The TSA whined yesterday that it's just too darn hard for agents to find bombs — unless the terrorists use explosives straight out of a Looney Tunes cartoon.

That was the agency's sorry excuse to explain how Newark Airport screeners were completely outmatched by an undercover fed who stuffed an IED in his pants and slipped through two layers of security.

"It's not like they're using a cartoonish bundle of dynamite with an alarm clock strapped to it," Bob Burns of the TSA Blog Team posted on the agency's Web site.

"The items are extremely hard to spot."

The Post exclusively revealed last week how the screeners colossally failed a Feb. 25 test at the Terminal B checkpoint, allowing a fed to get an improvised explosive device through a magnetometer and a secondary pat-down.

(Photo courtesy of Warners Bros.)

TSA: hostile work environment in Syracuse

Posted: 14 Mar 2013 04:58 AM PDT


In another case of whistleblowing, a TSA administrator in Syracuse, New York has accused his supervisor of creating a hostile work environment.

The administrator's name is Wayne Sparks. A few years ago, he started complaining about fraud, waste, and abuse at Syracuse area airports. Although he went up the chain of command, his claims didn't go over so well with his boss, Daniel Liddell:

In 2009, the TSA's Office of Inspection found that Liddell, Syracuse's federal security director, created a hostile work environment by threatening to fire employees, publicly belittling them, and routinely using profanity when he yelled at them, according to an email about the report from Wayne Sparks, TSA's administrative officer in Syracuse.

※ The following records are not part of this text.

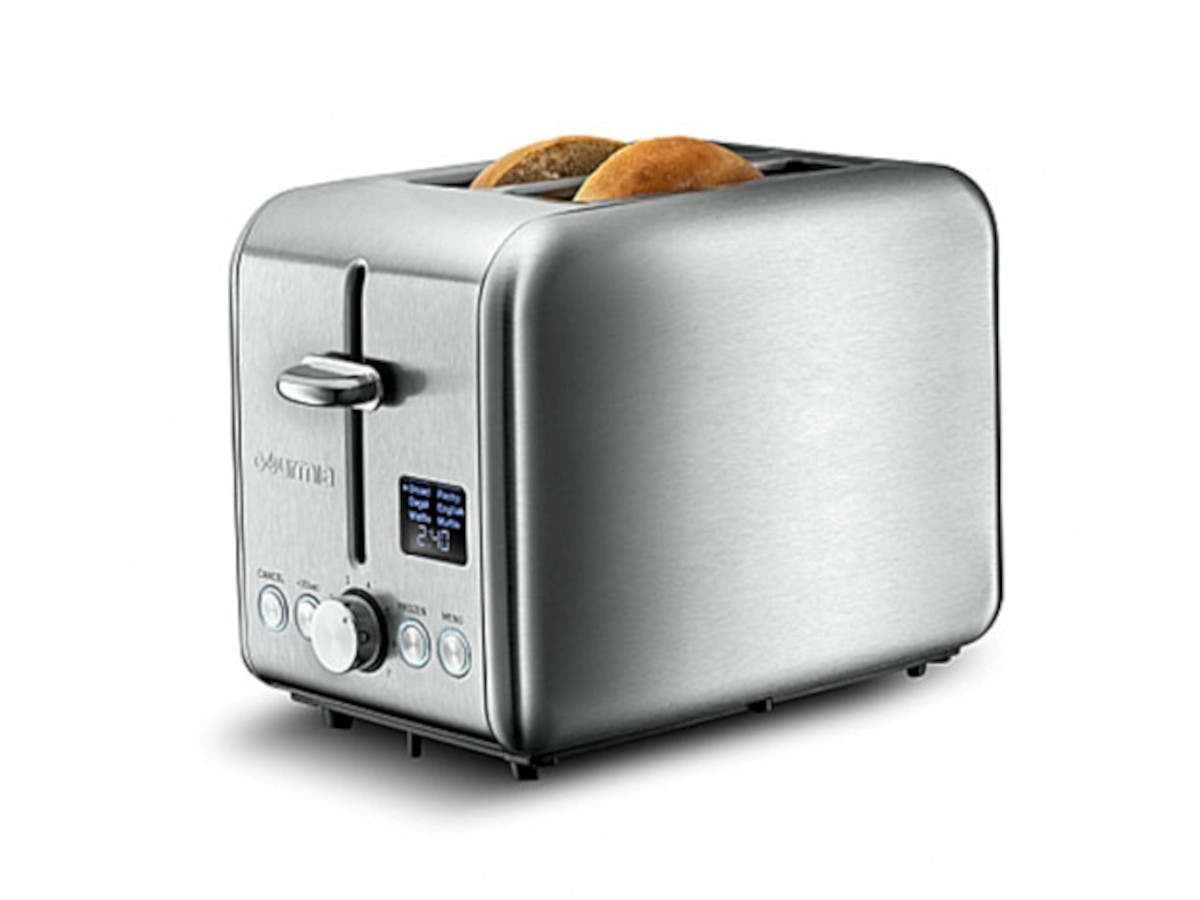 7 Shade Settings Multi-Function Digital Toaster with 5 Toast Functions Gourmia GDT2650 Rapid Reheat Mode and Extra Wide Slots 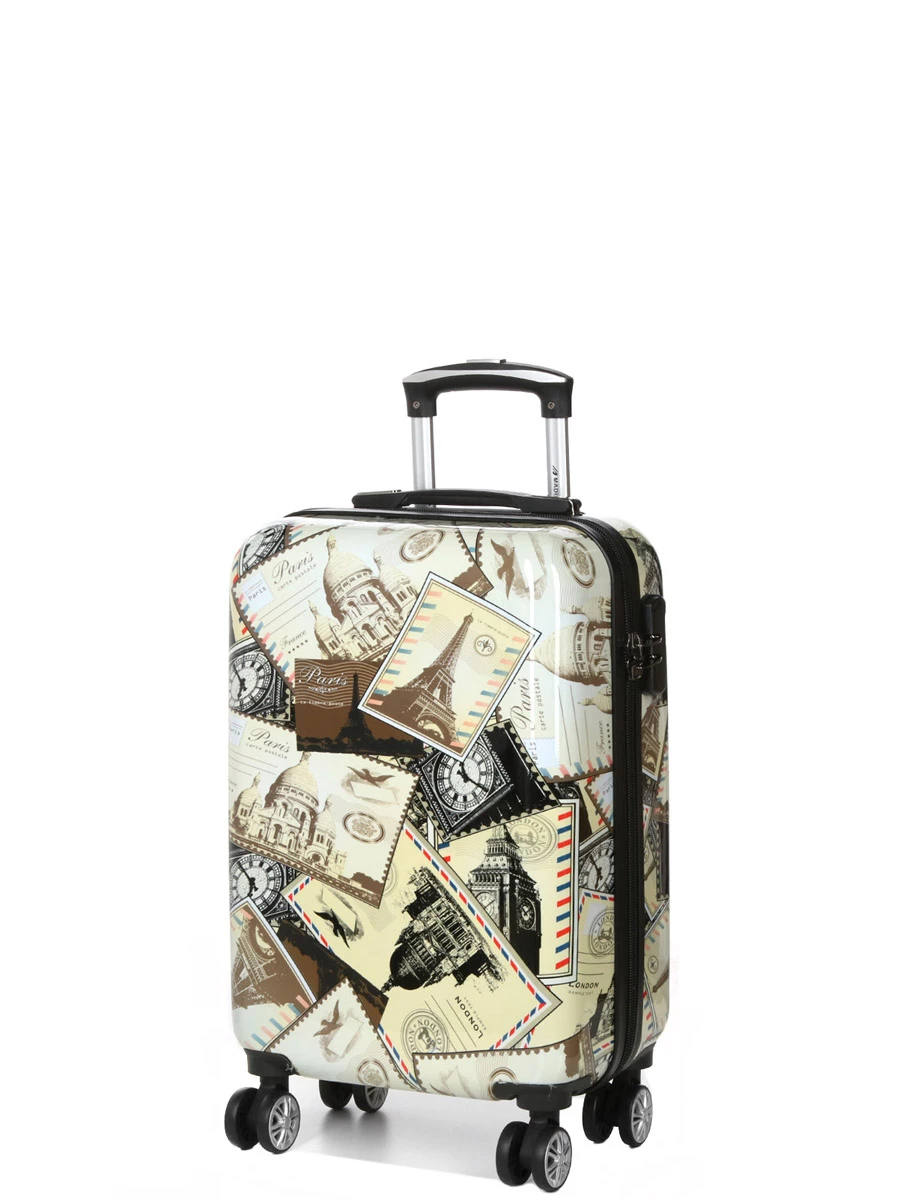 Ensemble 3 Valises Madisson Postcards - Valise Cabine, Moyenne et Grande - Idéal pour Voyages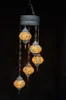 Hanglamp van kleurrijk glas met 5 mozaïekbollen in oosterse Productafbeelding-voorbeeld 1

The inspectors found that Liddell "is militaristic, inflexible, a poor listener, and impatient with employees," Sparks wrote in the email, which he sent to two U.S. senators in the hope they would intervene. Sparks recently provided the email to The Post-Standard.

The Office of Inspection returned to Syracuse in 2010 and found improvement, Sparks said. But after that, conditions returned to the way they were and in some cases got worse, he said.

"They treat these people (federal security directors) like princes within the government," said Sparks, who's been assigned to Syracuse for five years. "They let them do whatever they want."

I applaud Sparks for speaking up, but you have to admit there's a certain poetic justice here: Liddell created hostile conditions for his employees. Kind of like the conditions the TSA creates for passengers.

There's the familiar bullying, verbal harassment, power-tripping, and, of course, retaliation. The difference is the TSA agents being bullied were able to leave — which they did, in droves:

In the month leading up to Liddell's departure, eight to 10 TSA screeners either quit or were fired as a result of Liddell's decisions, Sparks said. That resulted in a turnover of about 9 percent of the workforce within a month in Syracuse, he said.

Passengers, alas, aren't so lucky. Neither are taxpayers.

Needless to say, the TSA had no comment.